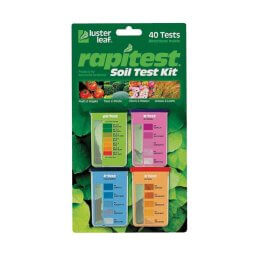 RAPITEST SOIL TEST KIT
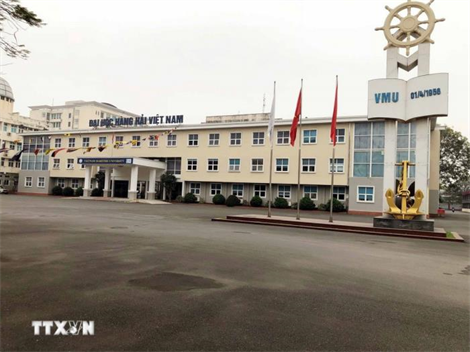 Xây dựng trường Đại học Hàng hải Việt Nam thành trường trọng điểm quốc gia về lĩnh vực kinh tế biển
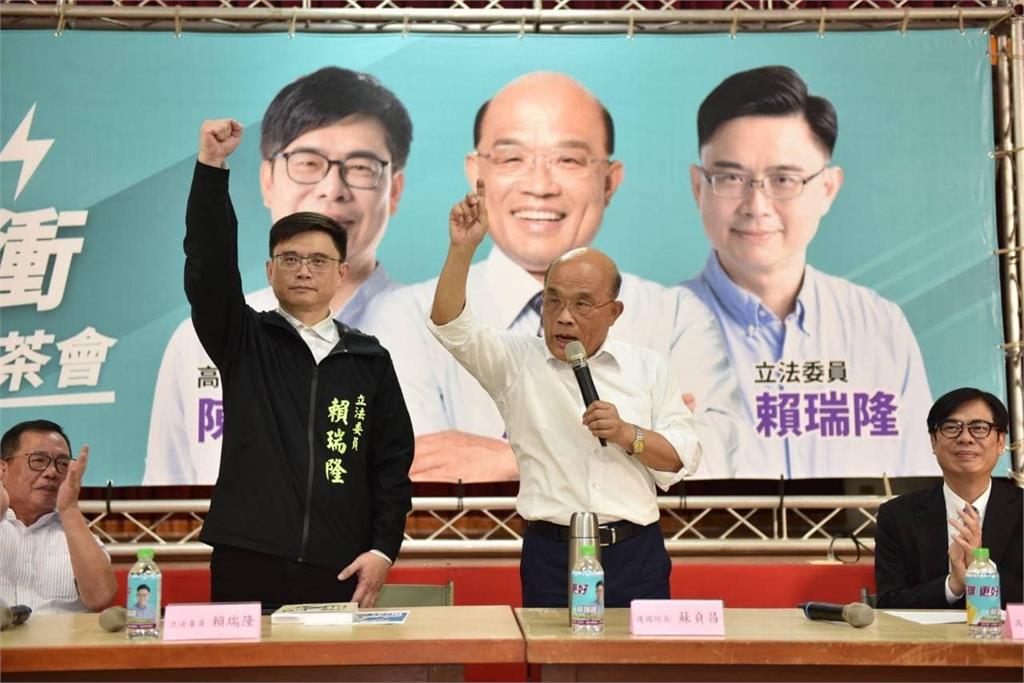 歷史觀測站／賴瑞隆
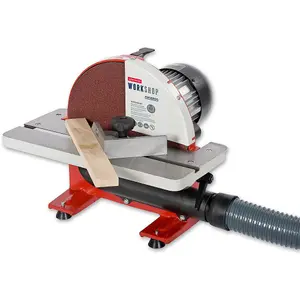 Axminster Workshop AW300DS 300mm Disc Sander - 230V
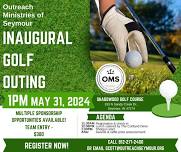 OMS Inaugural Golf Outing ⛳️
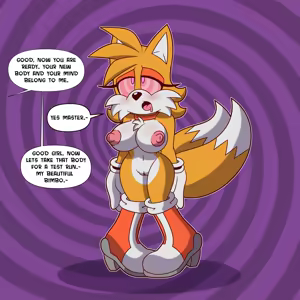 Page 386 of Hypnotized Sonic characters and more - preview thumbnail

...

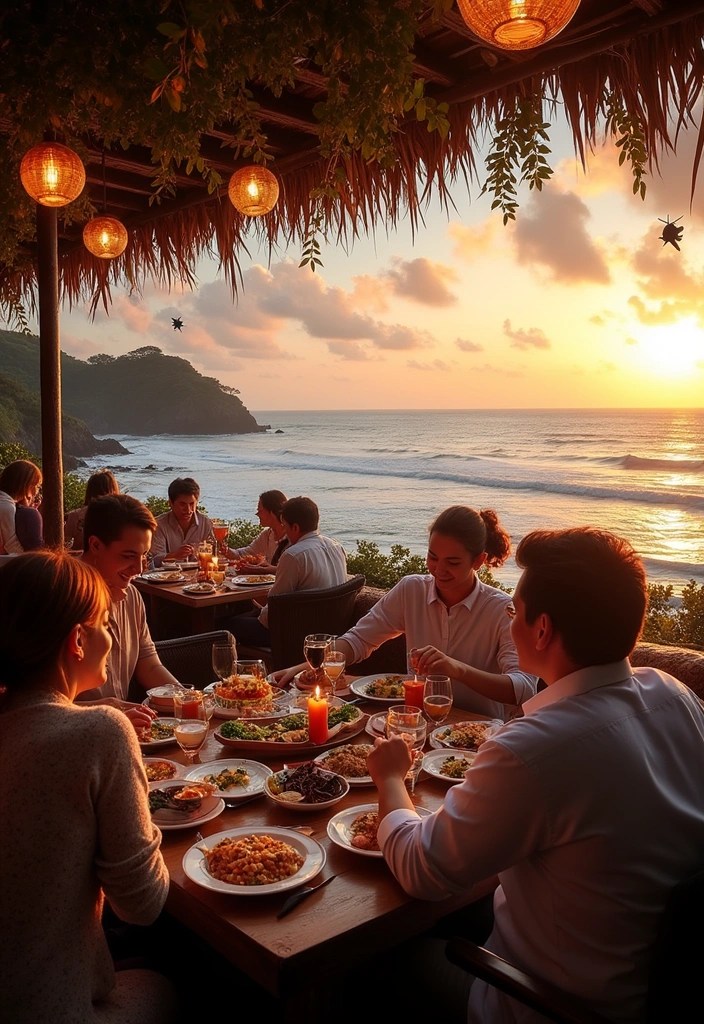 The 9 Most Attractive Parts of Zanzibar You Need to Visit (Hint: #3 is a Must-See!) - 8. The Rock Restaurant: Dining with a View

**What is being asked**
Beginning with the line above that contains "RAPITEST SOIL TEST KIT" and finishing with the line that contains "Page 386 of", print those lines exactly and only. Skip all pictures.

**Task response**
 RAPITEST SOIL TEST KIT
 Xây dựng trường Đại học Hàng hải Việt Nam thành trường trọng điểm quốc gia về lĩnh vực kinh tế biển
 歷史觀測站／賴瑞隆
 Axminster Workshop AW300DS 300mm Disc Sander - 230V
 OMS Inaugural Golf Outing ⛳️
 Page 386 of Hypnotized Sonic characters and more - preview thumbnail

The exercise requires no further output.